→ Extracted information
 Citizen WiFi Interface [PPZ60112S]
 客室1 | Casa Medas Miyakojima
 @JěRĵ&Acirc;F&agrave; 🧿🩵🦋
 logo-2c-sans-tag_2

---

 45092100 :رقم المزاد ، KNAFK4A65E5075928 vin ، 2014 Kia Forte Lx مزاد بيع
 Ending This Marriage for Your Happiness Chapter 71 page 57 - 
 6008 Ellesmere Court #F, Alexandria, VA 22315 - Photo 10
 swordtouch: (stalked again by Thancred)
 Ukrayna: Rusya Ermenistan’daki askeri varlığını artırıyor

→ Exercise aim
Give back, word for word, only the lines above from the line holding "Citizen WiFi Interface [PPZ60112S]" to the line holding "logo-2c-sans-tag_2", both included.

→ Result of this exercise
 Citizen WiFi Interface [PPZ60112S]
 客室1 | Casa Medas Miyakojima
 @JěRĵ&Acirc;F&agrave; 🧿🩵🦋
 logo-2c-sans-tag_2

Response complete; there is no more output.